In 1579, despite his young age, Piccolomini was appointed coadjutor to the Archbishop of Siena, Francesco Maria Bandini, with the approval of Pope Gregory XIII, who on this occasion assigned him the archbishopric of Rhodes. The appointment included the right of succession, so that when Bandini died in 1588, Piccolomini inherited the role of archbishop. However, he did not take full possession of this new office until the end of 1589, probably due to health problems. The importance of the event, as well as the spectacular manner in which it was managed, is recorded in the Descrizione dell'entrata dell'Illustriss. e Reverendiss. Monsig.

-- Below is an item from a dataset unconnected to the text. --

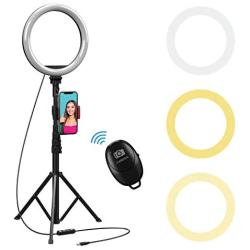 10" Selfie Ring Light with 59" Extendable Tripod Stand & Flexible Phone Holder for Live Stream Makeup, Beam Electronics Desktop Led Camera Ringlight for Tik Tok YouTube Video Photo, For iPhone Android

Ascanio Piccolomini alla possessione del suo arcivescovado in Siena, il dì XXI novembre 1589 (Siena, 1590), written by Scipione Bargagli. The volume provides an in-depth account of all the stage sets prepared for the event, which involved the active participation of political and ecclesiastical authorities. It also includes numerous poems written for the occasion (pp. 61-91), both in the vernacular by Diomede Borghesi, Bellisario Bulgarini, Flavio Figliucci and Scipione Bargagli, and in Latin by members of the Accademia Partenia, a Jesuit-controlled institution in Siena. Piccolomini soon set about reorganising the bishopric, which, due to the absence of his predecessor, was in need of realignment with the decrees of the Council of Trent. He also oversaw the restoration of the family palace known as delle Papesse, as well as the reorganisation of Siena's churches. During this period, his collection of poems, mostly written in his youth, was published for the first time (Siena, 1594). Piccolomini died in Siena on 13 May 1597 (cf. F. Tomasi, Piccolomini, Ascanio, in: “Dizionario Biografico degli Italiani”, vol. 83, Rome, 2015, s.v.).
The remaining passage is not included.